The report, to be released on Friday after the conclusion of the meeting,
is the first by the UN's Intergovernmental Panel on Climate Change (IPCC)
since 2001 and the fourth since the body was launched in 1988.
The IPCC's reports are highly regarded for their neutrality and caution,
and they wield a big influence over government policies, corporate strategies
and even individual decision-making.
In 2001, the IPCC declared that carbon pollution from burning oil, gas
and coal had helped drive atmospheric levels of CO2 to their highest
in 420,000 years.
CO2 is the principal "greenhouse gas," a term that applies
to half a dozen gases that linger invisibly in the atmosphere, trapping
the Sun's heat instead of letting solar radiation bounce back into space.
Over the previous 50 years, temperatures climbed by around 0.1 C (0.2
F) per decade and most of the warming could be attributed to Man, the
2001 report said.
It predicted that by 2100, the global atmospheric temperature will have
risen between 1.4 and 5.8 C (2.52-10.4 F) and sea levels by 0.09 to
0.88 metres (3.5-35 inches), depending on how much greenhouse gas is
emitted.
Basing their judgement on a mountain of climate studies that have been
published since then, the experts are expected to fine-tune these two
range estimates.
The British daily The Independent reported Monday that a draft of the
report that it saw forecast temperature increases of between 2.0 and
4.5 C (3.6 and 8.1 F) as highly likely this century, but that gains
of 6.0 C (10.8 F) or more cannot be ruled out.

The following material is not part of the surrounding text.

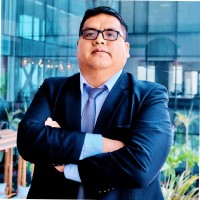 Jose Luis Julinho Ayala Benito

The scientists are also expected to point to fresh evidence that change
is already happening and could accelerate.
Recent signs of damage to the climate system have been shrinking glaciers
and snow cover in high mountains, a retreat of the North Pole's sea
ice in summer and acidification of the seas caused by absorption of
atmospheric CO2.
"Anthropogenic (man-made) warming of the climate system is widespread
and can be detected in temperature observations taken at the surface,
in the free atmosphere and in the oceans," said the draft of the
report seen by The Independent.
The report is agreed by consensus among the some 500 scientists and
government representatives in the IPCC's Working Group 1.
Two other volumes will be issued in April in what will be the fourth
assessment report on climate change by the IPCC since it was established
in 1988. The two others will focus on the impacts of climate change
and on the social-economic costs of reducing greenhouse gases.